747, however, persevered.

Importantly, 747’s enlarged condition is a state the bears strive to achieve. It’s an impressive adaptation to survive Alaska’s long, callous winter famine, known as hibernation. While hibernating, bears burn through their fat stores, but lose little to no muscle. The more stored fat, the better odds of a bear’s survival.

This year, Katmai and Alaska’s greater Bristol Bay region have seen a prodigious salmon run, resulting in a glut of fish traveling up the region’s rivers.

“The bears right now are the beneficiary of tons of salmon,” Mike Fitz, the resident naturalist for explore.org and a former park ranger at Katmai, told Mashable in July. “The bears are extremely fat for this time of year.” 
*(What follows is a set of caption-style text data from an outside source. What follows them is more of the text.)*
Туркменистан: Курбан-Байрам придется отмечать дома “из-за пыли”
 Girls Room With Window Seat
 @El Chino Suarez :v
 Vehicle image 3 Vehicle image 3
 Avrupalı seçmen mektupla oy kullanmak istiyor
Katmai is a region where the bounty of nature can reach its full potential. When you see a bear as fat as 747, you’re witnessing the bonafide, untrammeled wild. There, the salmon have large swathes of protected land to breed and flourish. “These are intact ecosystems with very little human development,” Curry Cunningham, a fisheries ecologist at the University of Alaska Fairbanks who researches salmon runs in Bristol Bay, told Mashable in July. 

Bear 747, like other Katmai bears, isn’t nearly done consuming salmon. The bears are still growing fatter. They’ll eat the remaining fish, many spawned out and dead or dying, for at least another month. In late September and early October, the park holds its annual Fat Bear Week contest, where the public votes on the fattest bear.

747 is a perennial front runner, but has never been crowned a champion. 2020, however, looks like it could be his year.